3. Image Processing and Text Recognition Algorithm
- Image Capture – capturing an image from the camera and transferring it to the Raspberry Pi.
- Filtering and Binarization – conversion to grayscale, contrast enhancement, noise reduction (Wiener filter), followed by conversion to a black-and-white image.
- Segmentation – separating the image into individual letters (best results were achieved using contour detection-based segmentation).
- Classification – each extracted character is processed by a neural network. The project includes two classification options:
- Custom CNN – smaller and faster in training but slightly less accurate in recognizing complex fonts.
- ResNet50 (transfer learning) – a deep residual network initially trained on a large dataset, then adapted for Polish letters. More complex, achieving higher accuracy at the cost of longer processing time.
- Speech Synthesis – the recognized text is passed to a speech synthesizer (e.g., eSpeak) and played through headphones or a Bluetooth speaker.
4. Neural Networks
4.1 Custom CNN
- Two convolutional layers, ReLU activation, pooling, batch normalization, and dropout.

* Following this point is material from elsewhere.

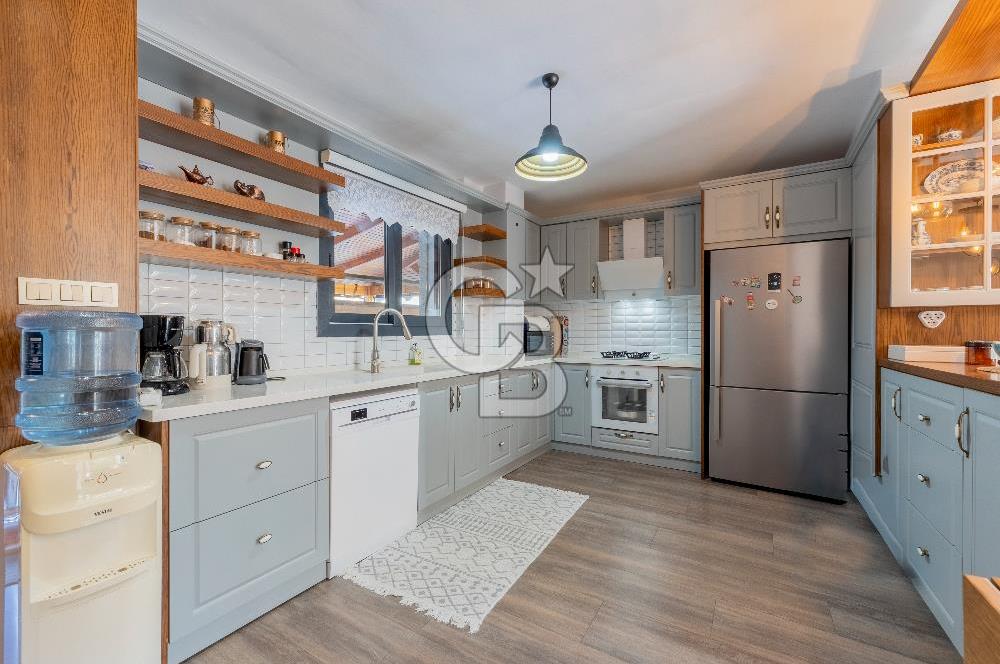 Çeşme Çiftlikköy Serakent Sitesi Satılık Tadilatlı 4+1 Villa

- Input images of size 28×28 pixels (binary).
- Accuracy in tests: approximately 79–84% (for a dataset of fonts and larger characters).
- Advantage: shorter training time and lower hardware requirements.
4.2 Transfer Learning: ResNet50
- A deep network with 50 convolutional layers and residual blocks.
- Modified final classification layer (adapted for Polish characters).
- Accuracy in tests: 87–92% (depending on dataset and image quality).
- Drawback: slightly longer processing time on Raspberry Pi.
5. Testing and Results
- Recognition Accuracy:
- For well-lit, clear texts, the ResNet50 model significantly outperforms the custom CNN.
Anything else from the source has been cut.